In this section we describe a set of tests which may be used to investigate whether means differ significantly from each other or from specified values. The statistics used are the T and F statistics,

two of the so-called ‘classical’ test statistics.

One-sample and paired T-test

Quick Reference

To request a one-sample or paired T-test, type: stat=t1[, element_text] [;options]

as an element in the axis.

The one-sample T statistic is an axis-level statistic. It may be used to test whether the mean of a numeric variable or factor (fac=) is significantly different from zero or some other specified value.

It may also be used to test for differences between means measured on matched samples (the paired

T-test) — for example, between the means of two variables both obtained from the same sample of

respondents (see the Notes below).

For example, you may wish to test whether respondents spent the same length of time per day, on average, watching broadcast television before and after purchasing a video recorder. To request a one-sample or paired T-test you should include stat=t1 element in the axis at the point at which you want the statistic displayed. To define the variable or factor to be tested and perform the necessary statistical summations, you will need either a fac= option on each basic count element in the axis, or an n25 element in the axis with the inc= option.

Notes for these tests are:

• The value of T will be zero if there is no difference in the data, otherwise the sign of T will reflect the sign (direction) of the difference.

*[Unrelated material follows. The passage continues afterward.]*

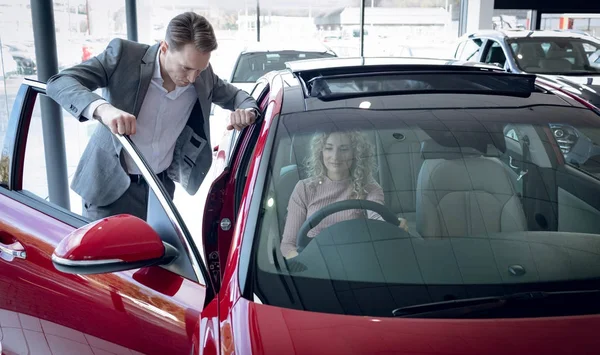 Salesman standing by customer sitting in car — Stock Photo, Image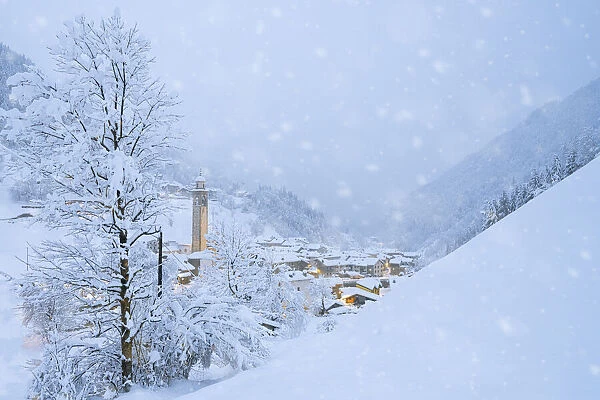 Snowflakes falling on mountain huts in the fairy tale alpine village at Christmas time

• It is not necessary to use n12 (mean), n17 (standard deviation) or n19 (standard error) elements in the axis as these are automatically calculated by the stat=t1 element. However, you will probably wish to print at least the mean using n12 so that you can see the values which are being tested by the T statistics.

• In a weighted run, the compiler inserts an unweighted n15 with the option nontot in the axis so that the T-test can be calculated using unweighted figures.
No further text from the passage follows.